There should be white spaces led by a while educator like DiAngelo to explain things and give them books to read to educate themselves but telling blacks to understand or be accommodating and make it all about them....
Booker can book and have all sorts of seats.


----------



## Lady-RuffDiamond (Feb 14, 2019)

Dellas said:


> There should be white spaces led by a while educator like DiAngelo to explain things and give them books to read to educate themselves but telling blacks to understand or be accommodating and make it all about them....
> Booker can book and have all sorts of seats.


You are pretty good to watch that vid in its entirety. I could bear that patronising crud for a mere 45 seconds.


----------



## awhyley (Feb 14, 2019)

I'm actually more interested in what he told his white friends about "this blackface thing".


----------



## LostInAdream (Feb 14, 2019)

Why would I need to put myself in the shoes of a group of people who don't even consider my group of people worthy of fundamental human rights?


----------



## kikigirl (Feb 14, 2019)

Maybe say “white privilege,” although even that is a stretch. Blackface has been known as bad since the dawn of ages.
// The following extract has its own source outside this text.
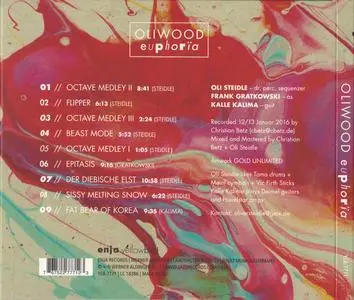 Oliwood - Euphoria (2017)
In any case I stopped “educating” folks in November 2016.


----------



## Reinventing21 (Feb 14, 2019)

I have never understood this whole "they (YTs) just don't know", "we have to teach them", "they don't understand the pain they cause'.  FOR REAL?  This tiny group of people have managed to be at the top of the food chain due to their outright savagery and blatant, huge lies all while calling all others savages etc.  They know EXACTLY what they are doing.  They just don't want others to know they know.

I have NEVER felt the need to explain to them how/why racism is wrong...blah, blah.  It is a waste of time because there is well-thought out intent behind these actions.

 I also have never felt the need to plead with them to like me. I cringe when I see that in real life.

I only advocate for LAWS and CONSEQUENCES to their shennanigans as way to keep them in check.

Their worst fear is to discover they are not in any way superior, hence all the garbage stunts they pull.

Of course I am talking about the Eurocentric world view and as YTs collectively, not individuals as there are good, bad and crazy in all humans.

Bottom line: All melanins need to stop putting so much weight and value on the non-melanins' opinions to determine self-worth and place value in society.


----------



## Atthatday (Feb 14, 2019)

Reinventing21 said:


> I have never understood this whole "they (YTs) just don't know", "we have to teach them", "they don't understand the pain they cause'.  FOR REAL?  This tiny group of people have managed to be at the top of the food chain due to their outright savagery and blatant, huge lies all while calling all others savages etc.  They know EXACTLY what they are doing.  They just don't want others to know they know.
> 
> I have NEVER felt the need to explain to them how/why racism is wrong...blah, blah.  It is a waste of time because there is well-thought out intent behind these actions.
> 
> ...



Preach, Sis!!!


----------



## discodumpling (Feb 15, 2019)

I already dont like Bookers energy...prolly best fir me not to view the video. 
Ill  just leave yall with my usual statement: It will be up to US, my sisters. These men ain't ish.


----------